Matilde mi lesse l'articolo, col piglio di una presentatrice del TG1.
"Villa d'Este. Nella notte del 16 settembre 1948 un colpo di pistola troncava il silenzio del salone da ballo. Carlo Sacchi era l'ucciso. Pia Bellentani aveva estratto l'arma dal mantello di ermellino. All'assise di Como il processo in cui un pubblico agitato da opposte simpatie ha fatto ressa per entrare. Pallida e bionda, vestita di nero, la vedova Sacchi affronta coraggiosamente il processo all'amante di suo marito. La contessa Bellentani è rimasta ad Aversa e non comparirà nella gabbia vuota. Nella casa psichiatrica di Aversa la cella di Pia è lontana dagli obiettivi dei fotografi. E' lontana dall'atto di una donna che dopo l'efferato omicidio aveva provato a spararsi per amore. Nelle sue mani di donna il destino di due uomini, il Sacchi e il conte Bellentani, che vede sporcato da questo atto l'onore della sua casata"

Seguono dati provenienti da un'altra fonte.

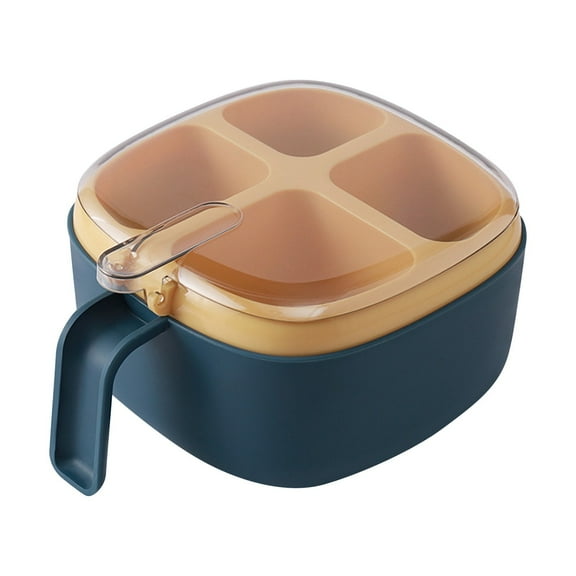 Press-Type Seasoning Box with 4 Compartments & Spoons – Compact Condiment Storage for Kitchen Counter – Spice Organizer for Salt, Sugar, Herbs – Easy Clean Design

Matilde si era in qualche modo accorta del mio sguardo assorto, col mio braccio che incrociava il suo con nostri palmi a sorreggere il peso dei nostri corpi.
Adesso potrei raccontarvi di un romantico bacio alle soffuse luci del tramonto, con sullo sfondo il villaggio e gli echi dei pastori, ma devo deludervi. A parte quegli sguardi non successe nulla.
O meglio. Il suo sorriso malinconico. Vorrei ma non posso, questa la mia interpretazione, e nessuna rivisitazione a posteriori mi ha mai fatto cambiare idea, nessun'altra plausibile supposizione.
La parentesi fu ovviamente chiusa dall'arrivo dell'amica, sudata e sfinita, e il cammino fu ripreso.
Eravamo a pochi minuti dall'ingresso alla Romagnano nuova, dove entrambi avevamo parcheggiato la macchina.
13.
I prefabbricati gialli costruiti nel post-terremoto sono ancora in piedi, e sono ancora gialli, sebbene ormai quasi disabitati.
La popolazione oggi si è spostata nei nuovi modesti casolari, attorno alla rotonda grigia, dove c'è anche l'unico bar del paese. Paese che consiste in una salita, una linea di case e poco altro. La scuola dell'infanzia è frequentata da neanche una decina di bambini tra i 3 e i 6 anni. La scuola elementare neanche esiste più, per andare a scuola bisogna spostarsi col pulmino nel paese dietro la collina.
L'arrivo in quel paesaggio suburbano e silenzioso è di una decadenza molto meno affascinante. Insomma un vero e proprio ritorno ai nostri giorni, le lancette che girano di nuovo in avanti nella macchina del tempo. Un ritorno al presente.
E qui nel presente so benissimo che devo salutare Matilde, accompagnarla fino alla macchina e credo che anche lei lo sappia.
Penso a cosa ne sarà della sua vita, di tutte le cose che non saprò mai, da lei e non solo di lei, di dove sarà stasera, domani, tra un mese.
Entrambi sappiamo che non ci rivedremo mai più. Senza fare troppi eccessive retoriche sugli attimi fuggenti, sulle sliding doors.
Tutto è nel naturale scorrere degli eventi, rivoli freddi come le acque di un torrente. Forse ci rivedremo in qualche altra occasione, forse per puro caso su una linea della metro di Roma. Troppo distanti per salutarci ancora, perchè troppo poco il tempo passato insieme.